Sociology Students
After Moderation, sociology students are encouraged to explore the wide range of intellectual and practical offerings available through Bard’s extended network. Many students choose to do a semester abroad. This might be through a Bard-affiliated institution (such as the American University of Central Asia, in Kyrgyzstan, or the Central European University, in Austria) or through a tuition-exchange program with an international college or university. Students might also choose to begin an independent research project by arranging a tutorial with a Sociology faculty member. Because the Senior Project is an intensive experience, both in relation to the amount of writing required and the time commitment involved, we encourage students to complete at least one their two required seminars (300-level sociology classes) in their junior year.
Senior Project Spotlight
Sociology major Bernadette Benjamin’s Senior Project focuses on understanding the experiences of black women in Japan and how women within the black diaspora navigate in that country. In her research, the Brooklyn, New York, native concentrates on how black women perceive their identity—whether racial, gender, national, or combined identity—in their interactions and encounters with others. Bernadette utilizes the idea of “controlling images” by Patricia Hill Collins and the book Stigma by Erving Goffman to evaluate the mechanisms black women use to analyze their experiences and sense of belonging in Japanese society. She also takes Imagined Communities by Benedict Anderson to explain the citizen-versus-foreigner dichotomy in Japan and how that contrast, in turn, affects black women’s abilities to integrate into Japanese communities.
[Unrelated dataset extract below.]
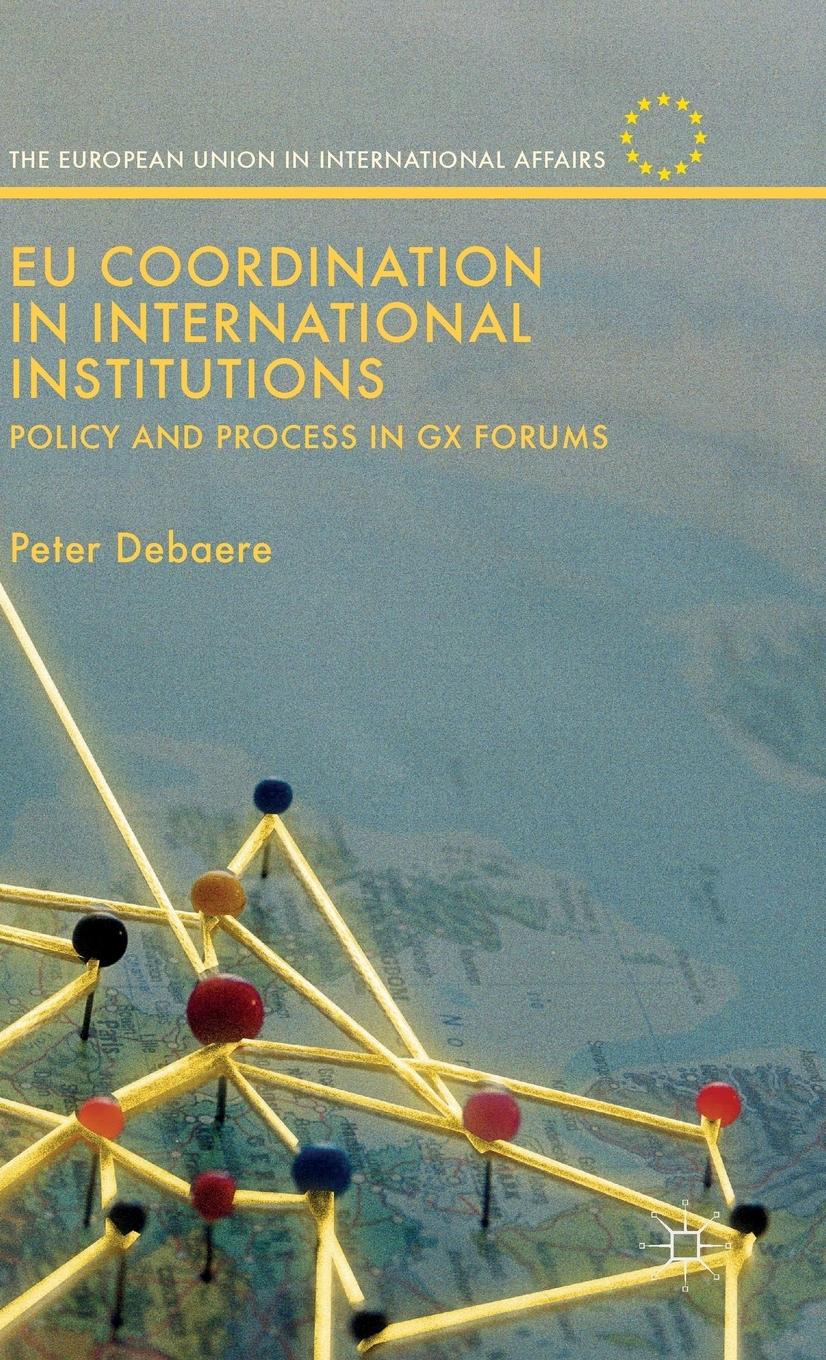 Vorderes Coverbild EU Coordination in International Institutions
Bernadette will soon travel to Japan to begin the JET (Japanese Exchange and Teaching) program. She hopes to remain in Japan for two years before prepping to go to law school to study either educational or international law. While her current plans depend on the spread of COVID-19, she is optimistic about the plans she has in store.
Senior Projects in Sociology
Writing a Senior Project is both challenging and incredibly rewarding. For most students, this is their first experience doing extended, independent research. Students are assigned a faculty adviser, with whom they will typically meet weekly for an hour-length session over the course of the academic year. While the prospect of writing a senior thesis is often intimidating at first, students soon realize that this affords them a unique opportunity to form a close relationship with their faculty adviser, and to develop as an independent thinker and researcher. The quality of many Senior Projects is comparable to a master's-level thesis. Even where students end up wishing that they had written more or differently, they always learn valuable life skills from the experience of working through something challenging. In the spring, we host a mini-conference and social event at which all seniors briefly present their Senior Project research. The large attendance and buzzing excitement around recent sociology mini-conferences attest to the level of pride and satisfaction that seniors feel upon completing their research projects.